Loans to Students

Federal Perkins Loan Program*

This need-based program provides loans for students who are enrolled at least half time. A total of $20,000 may be borrowed by an undergraduate, but not more than $4,000 per year. Repayment at a 5% interest rate begins nine months after the student ceases at least half-time enrollment. The available funds are extremely limited.

  • This loan program is currently in a 'wind down' status by the Department of Education. We can only award this to current recipients to enable them to finish their degree program.

Federal Direct Student Loans

The Federal Direct Loan is a low-interest loan that does not have to be repaid until six months after the student graduates or drops below halftime enrollment status. The interest rate is fixed at 6.8%. With the subsidized loan, the government pays the interest while the student is in school and during the six-month grace period. With the unsubsidized loan, the government does not pay the interest while the student is in school or during the six-month grace period. The school uses the FAFSA to determine if the student is eligible for any subsidized amount. Graduate students are not eligible for subsidized amounts. The student can choose to pay the interest as it accrues or allow the interest to capitalize. A 1% origination fee is deducted from each disbursement.

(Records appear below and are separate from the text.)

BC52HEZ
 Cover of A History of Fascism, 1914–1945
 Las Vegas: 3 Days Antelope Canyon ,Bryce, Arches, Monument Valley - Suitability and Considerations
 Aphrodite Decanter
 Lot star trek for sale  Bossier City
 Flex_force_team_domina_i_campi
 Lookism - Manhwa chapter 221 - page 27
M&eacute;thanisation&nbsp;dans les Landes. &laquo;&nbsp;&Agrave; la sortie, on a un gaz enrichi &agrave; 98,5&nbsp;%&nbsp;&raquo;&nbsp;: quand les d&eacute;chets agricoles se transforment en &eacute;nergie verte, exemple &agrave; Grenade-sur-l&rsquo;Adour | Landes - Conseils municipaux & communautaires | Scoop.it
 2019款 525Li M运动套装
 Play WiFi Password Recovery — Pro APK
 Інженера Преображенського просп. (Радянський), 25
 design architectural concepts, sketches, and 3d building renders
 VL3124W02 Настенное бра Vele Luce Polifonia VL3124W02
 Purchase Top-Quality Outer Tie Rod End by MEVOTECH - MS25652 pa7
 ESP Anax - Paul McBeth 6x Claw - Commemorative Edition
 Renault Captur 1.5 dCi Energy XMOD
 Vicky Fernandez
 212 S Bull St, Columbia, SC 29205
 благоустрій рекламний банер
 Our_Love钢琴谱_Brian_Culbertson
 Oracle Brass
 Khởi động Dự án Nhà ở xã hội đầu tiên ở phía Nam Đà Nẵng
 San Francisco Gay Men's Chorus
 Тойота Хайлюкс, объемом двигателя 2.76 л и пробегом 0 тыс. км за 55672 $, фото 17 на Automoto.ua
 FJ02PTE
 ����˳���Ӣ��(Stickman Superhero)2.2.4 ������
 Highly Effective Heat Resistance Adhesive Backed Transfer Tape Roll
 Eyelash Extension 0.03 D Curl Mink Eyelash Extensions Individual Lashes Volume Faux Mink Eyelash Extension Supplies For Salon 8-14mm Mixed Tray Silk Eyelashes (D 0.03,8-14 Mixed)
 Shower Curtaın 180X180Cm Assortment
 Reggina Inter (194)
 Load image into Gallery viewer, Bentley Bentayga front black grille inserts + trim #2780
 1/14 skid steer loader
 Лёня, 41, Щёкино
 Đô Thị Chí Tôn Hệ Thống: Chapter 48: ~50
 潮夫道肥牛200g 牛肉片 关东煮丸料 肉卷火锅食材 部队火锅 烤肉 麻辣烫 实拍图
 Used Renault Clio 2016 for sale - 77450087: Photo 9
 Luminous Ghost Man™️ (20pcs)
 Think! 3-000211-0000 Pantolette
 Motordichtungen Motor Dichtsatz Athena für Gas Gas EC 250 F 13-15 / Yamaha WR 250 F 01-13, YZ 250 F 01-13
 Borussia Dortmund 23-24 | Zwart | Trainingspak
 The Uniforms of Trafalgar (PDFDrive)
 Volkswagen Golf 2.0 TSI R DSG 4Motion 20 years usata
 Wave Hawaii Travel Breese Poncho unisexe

The Free Application for Federal Student Aid (FAFSA) must be filed in order to determine subsidized and/or unsubsidized eligibility.

Loan Limits

Status Amount per Year
Freshman $5,500
Sophomore $6,500
Junior $7,500
Senior $7,500
Graduate/Professional $8,500

The combination of the subsidized and the unsubsidized Federal Direct Loans can only exceed the limits shown above for the dependent student when the parent applies for a Parent Loan and is denied. In that event, the student can borrow an additional unsubsidized loan in the amount of $4,000 per year for freshmen and sophomores; $5,000 per year for juniors and seniors. The independent student is not required to go through the parent denial. The graduate student can borrow an additional $12,000 per year as long as it does not exceed the total cost of attendance.

Once awarded, the student will need to log into to complete entrance counseling and to sign the master promissory note.